Why to use learning_rate * derivative in gradient descent instead of learning_rate * constant

186 Views Asked by At

I understand how gradient descent works. But I have trouble understanding why we usually use the derivative in the equation.

The equation is: new_value = old_value - learning_rate * derivative

I understand the derivative tells which direction to go. But why do we use learning_rate * derivative to find the new_value? What if I use learning_rate * a constant, e.g., 1

I mean I can do this:

If the derivative is negative, new_value = old_value plus learning_rate * 1

If the derivative is positive, new_value = old_value minus learning_rate * 1

I know this is awkward. I just want to say there might exist many ways.
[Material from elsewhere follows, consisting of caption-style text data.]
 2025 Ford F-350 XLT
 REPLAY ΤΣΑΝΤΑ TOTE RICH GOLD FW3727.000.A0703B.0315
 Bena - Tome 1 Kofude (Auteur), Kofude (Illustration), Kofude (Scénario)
Why should we use learning_rate * derivative?

Your insight is highly appreciated!

3

There are 3 best solutions below

0
On

You need the derivative to know "in which direction to go". For scalar fields (function $\Bbb R^n \to \Bbb R$), ie, in multiple dimensions, this derivative becomes the gradient, and it becomes a lot more important to know "in which direction to go" to reach the nearest extremum; since there's a lot more directions in which to go (an infinity) rather than just left or right like in 1D (2 directions). This is precisely what the gradient (or its opposite, the gradient scaled by $-1$) does.

Additionally, the derivative/gradient encodes a sort of measure of "how fast should I go to reach my extremum without overtaking it" (it's an additional weight to smooth out the gradient descent process, more dynamic than the learning rate).

0
On

That would be horribly ineffective. The derivative not only tells us whether the weight should be increased or decreased, it also tells us by how much. So say the optimum of a weight (in a network) is 1.32. If it is say initialised at 5 (randomly), your algorithm would get to 2 and then instead of hitting 1.32 it would go down to 1. In the next training example your algorithm would increase the weight by 1 to 2. So the weight just keeps alternating between 1 and 2, never reaching the optimum value.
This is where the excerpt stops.